* **Exercise goal**
Task for the records below: please copy exactly, and only, the lines from the one containing "Margarita Hand-Tooled Leather" to the last line, both included, leaving out the pictures.

Captioned web image data
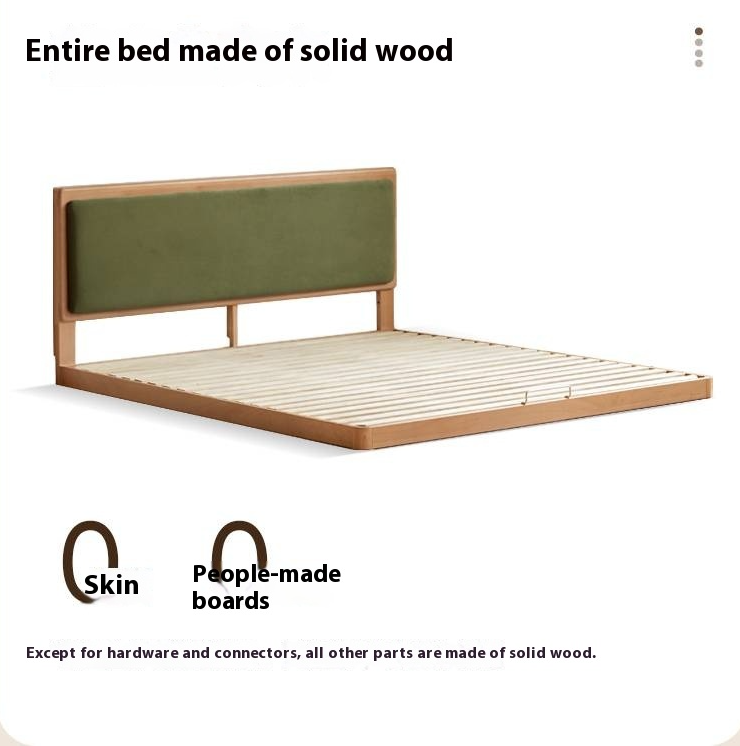 Beech Solid Wood Bed – Platform Bed with Soft Upholstery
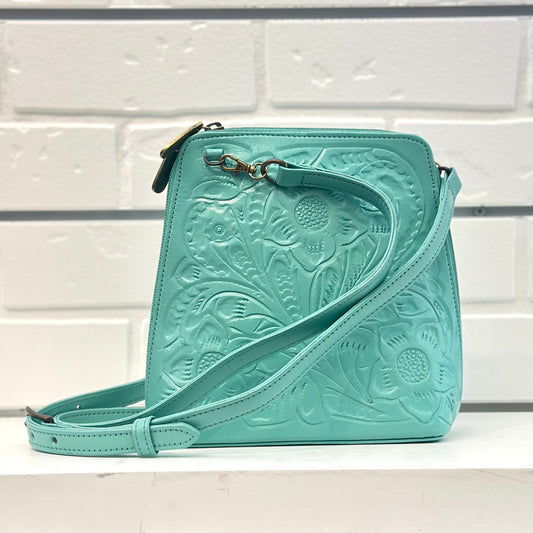 Margarita Hand-Tooled Leather Crossbody - Seafoam Aqua Crossbodies Hide and Chic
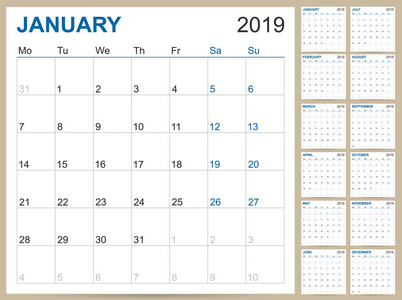 英文计划日历2019年英文日历模板2019年12个月一周开始周一可打印日历模板矢量插图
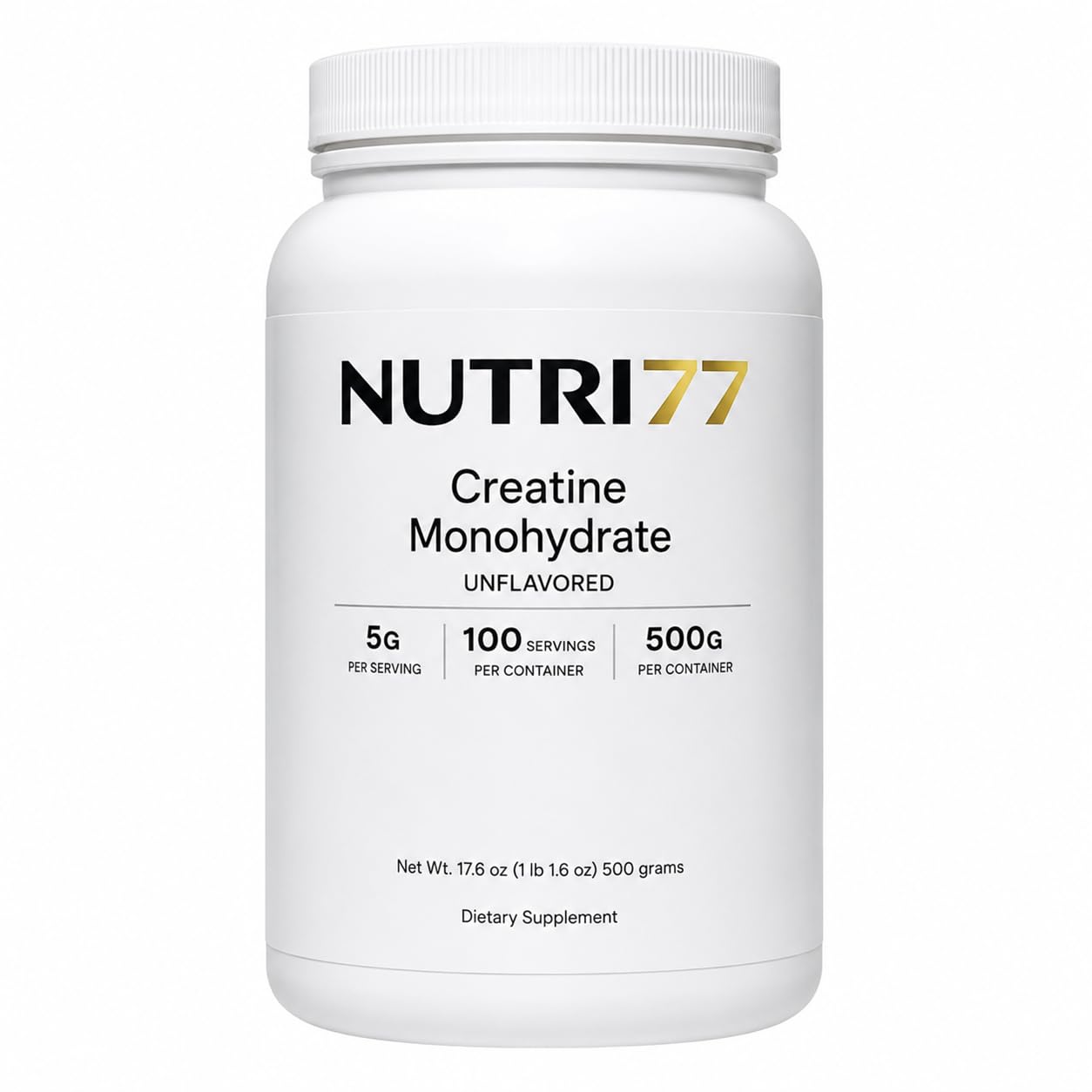 Creatine Monohydrate Powder 5g - Micronized Unflavored Creatine for Men & Women - Muscle Strength, Growth & Recovery - 100 Servings, 500g - Pure, No Fillers, Vegan Non-GMO, Third-Party Tested
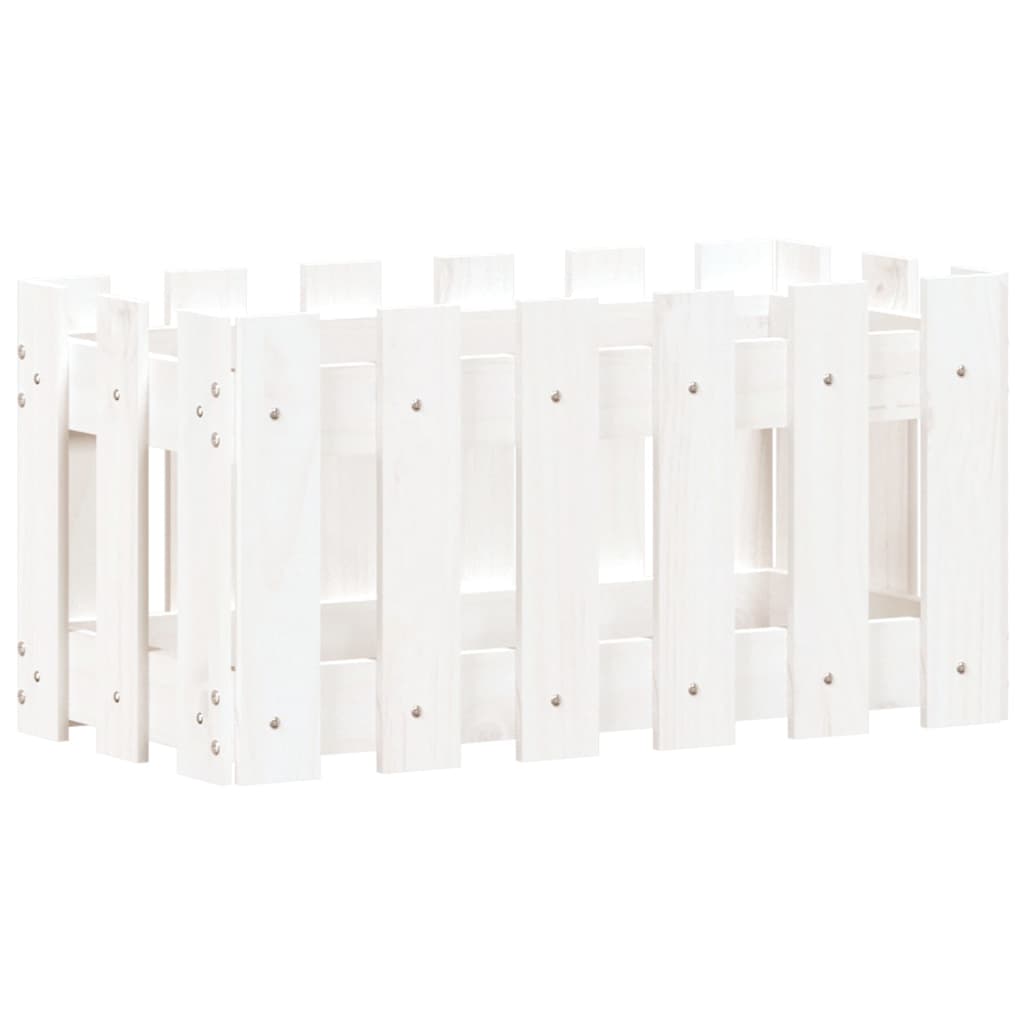 vidaXL Pflanzkübel Lattenzaun-Design Weiß 60x30x30 cm Kiefernholz - Image 4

* **Answer to this problem**
 Margarita Hand-Tooled Leather Crossbody - Seafoam Aqua Crossbodies Hide and Chic
 英文计划日历2019年英文日历模板2019年12个月一周开始周一可打印日历模板矢量插图
 Creatine Monohydrate Powder 5g - Micronized Unflavored Creatine for Men & Women - Muscle Strength, Growth & Recovery - 100 Servings, 500g - Pure, No Fillers, Vegan Non-GMO, Third-Party Tested
 vidaXL Pflanzkübel Lattenzaun-Design Weiß 60x30x30 cm Kiefernholz - Image 4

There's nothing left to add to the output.